In the interim, however, we’ll consider the events of the last 10 days an experiment. Here, with little consequence (at least for now), we’ve been gifted a sampling of how financial markets behave when a burgeoning geopolitical crisis hits.
We posit that during the initial fog of a geopolitical crisis financial markets don’t have the faintest inkling of potential risk.
Financial risk, for our purposes today, is not a quantified statistical measurement. We’re not concerned with the risk differential between high beta and low beta stocks. Rather, at the commencement of a major conflict, risk is specific to the probability of a foundational change resulting that permanently wipes away capital.
Author Fred Sheehan wrote a piece titled, “War of the Nerds,” for the December, 2006, edition of Marc Faber’s Gloom, Boom & Doom Report. Several years ago the article was still posted at Sheehan’s now defunct AuContrarian website. By chance, before the site vanished, we preserved the following excerpt:
“Every generation suffers its particular fantasies. So it was a century ago. Investors had grown so immune to the consequences of war that bond markets from London to Vienna didn’t flinch after the assassination that provoked World War I.
“Three weeks later, in the summer of 1914, the fear premium amounted to a total of one basis point. Then, in quick order, European markets ceased to function. A notable feature of this paralysis is that nothing of substance had changed – war had not been declared by any of the parties, but by now, minds were hyperventilating.”
Perhaps the motivation for the cerebral excitement was the rapid realization during the July 1914 Crisis that complex political alliances had turned the European continent into a giant Mexican standoff. The risk of a stock or bond market selloff was quickly overshadowed by the prospect of something much greater. That the diabolical self-annihilation of European society itself was, in fact, just moments away.
Geopolitical Shocks and Financial Markets
It would be wrong to draw close parallels between the geopolitical landscape in Europe circa 1914 and the Middle East circa 2020. This is not our intent. We’re merely citing this as an example of how quickly financial markets can go from full functioning to complete breakdown.

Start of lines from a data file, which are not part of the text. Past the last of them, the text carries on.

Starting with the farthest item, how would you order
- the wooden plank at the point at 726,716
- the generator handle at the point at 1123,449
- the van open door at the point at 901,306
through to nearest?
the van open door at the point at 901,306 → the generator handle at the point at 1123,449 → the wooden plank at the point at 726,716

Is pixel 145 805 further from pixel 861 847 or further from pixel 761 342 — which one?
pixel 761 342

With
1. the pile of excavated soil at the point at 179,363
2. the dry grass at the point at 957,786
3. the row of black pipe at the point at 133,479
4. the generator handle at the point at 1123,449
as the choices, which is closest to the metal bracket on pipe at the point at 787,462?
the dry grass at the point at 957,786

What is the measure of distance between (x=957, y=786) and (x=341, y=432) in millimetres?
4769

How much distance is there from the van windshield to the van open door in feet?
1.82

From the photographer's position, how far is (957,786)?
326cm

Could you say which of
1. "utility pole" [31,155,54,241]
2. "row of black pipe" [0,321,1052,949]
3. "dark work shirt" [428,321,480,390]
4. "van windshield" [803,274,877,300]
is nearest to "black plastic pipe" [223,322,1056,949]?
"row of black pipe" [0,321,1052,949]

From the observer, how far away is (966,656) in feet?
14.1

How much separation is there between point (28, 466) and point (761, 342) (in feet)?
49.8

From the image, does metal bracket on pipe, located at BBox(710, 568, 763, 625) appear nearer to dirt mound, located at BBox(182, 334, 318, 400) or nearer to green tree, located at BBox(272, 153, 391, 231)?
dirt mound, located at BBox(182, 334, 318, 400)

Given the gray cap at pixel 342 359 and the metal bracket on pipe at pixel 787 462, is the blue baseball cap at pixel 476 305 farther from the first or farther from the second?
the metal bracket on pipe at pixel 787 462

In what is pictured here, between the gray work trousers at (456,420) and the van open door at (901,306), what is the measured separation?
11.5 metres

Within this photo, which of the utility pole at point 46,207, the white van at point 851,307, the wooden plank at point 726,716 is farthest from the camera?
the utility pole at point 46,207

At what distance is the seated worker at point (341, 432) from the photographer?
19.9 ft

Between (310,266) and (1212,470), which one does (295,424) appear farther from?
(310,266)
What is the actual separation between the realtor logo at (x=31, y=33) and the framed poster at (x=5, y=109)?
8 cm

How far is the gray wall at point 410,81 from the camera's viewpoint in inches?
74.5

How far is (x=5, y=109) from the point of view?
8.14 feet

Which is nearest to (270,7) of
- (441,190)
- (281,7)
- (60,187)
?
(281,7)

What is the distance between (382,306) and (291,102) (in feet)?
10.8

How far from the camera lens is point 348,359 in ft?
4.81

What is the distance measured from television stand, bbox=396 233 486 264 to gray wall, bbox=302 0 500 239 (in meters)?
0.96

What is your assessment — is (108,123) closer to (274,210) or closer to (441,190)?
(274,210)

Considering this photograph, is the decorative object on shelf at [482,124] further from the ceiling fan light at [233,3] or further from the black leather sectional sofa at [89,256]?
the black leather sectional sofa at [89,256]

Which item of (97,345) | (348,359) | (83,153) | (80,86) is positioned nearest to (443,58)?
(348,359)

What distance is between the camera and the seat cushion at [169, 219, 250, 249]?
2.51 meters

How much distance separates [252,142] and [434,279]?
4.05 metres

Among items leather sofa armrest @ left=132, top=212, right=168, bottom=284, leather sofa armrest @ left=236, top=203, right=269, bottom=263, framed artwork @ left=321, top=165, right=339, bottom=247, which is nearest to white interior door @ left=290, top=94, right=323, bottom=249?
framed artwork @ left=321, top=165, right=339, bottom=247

The question, again, is how financial markets behave when a burgeoning geopolitical crisis hits. The events of the last 10 days serves as our experimental test trial. Here’s a summary of our findings, albeit of a grim comparative nature…
As far as we can tell, bond markets are quick to dismiss the risk of a foundational change resulting in the permanent destruction of capital. For example, the yield on the 10 Year Treasury note briefly dipped below 1.8 percent on January 3 – the day of Soleimani’s death. Since then, the yield has walked back up to 1.85 percent, which is about where it was at the start of the year. This fear premium – as bond prices move inverse to yield – was next to nothing and transitory.
After a brief selloff, stocks, as noted above, were quick to recover and move to new highs. Defense sector stocks like, Lockheed Martin, were the real winners. On news of the Soleimani’s death they jumped upward. Then, in the aftermath, they continues to gain. Year-to-date, Lockheed Martin is up 6.56 percent.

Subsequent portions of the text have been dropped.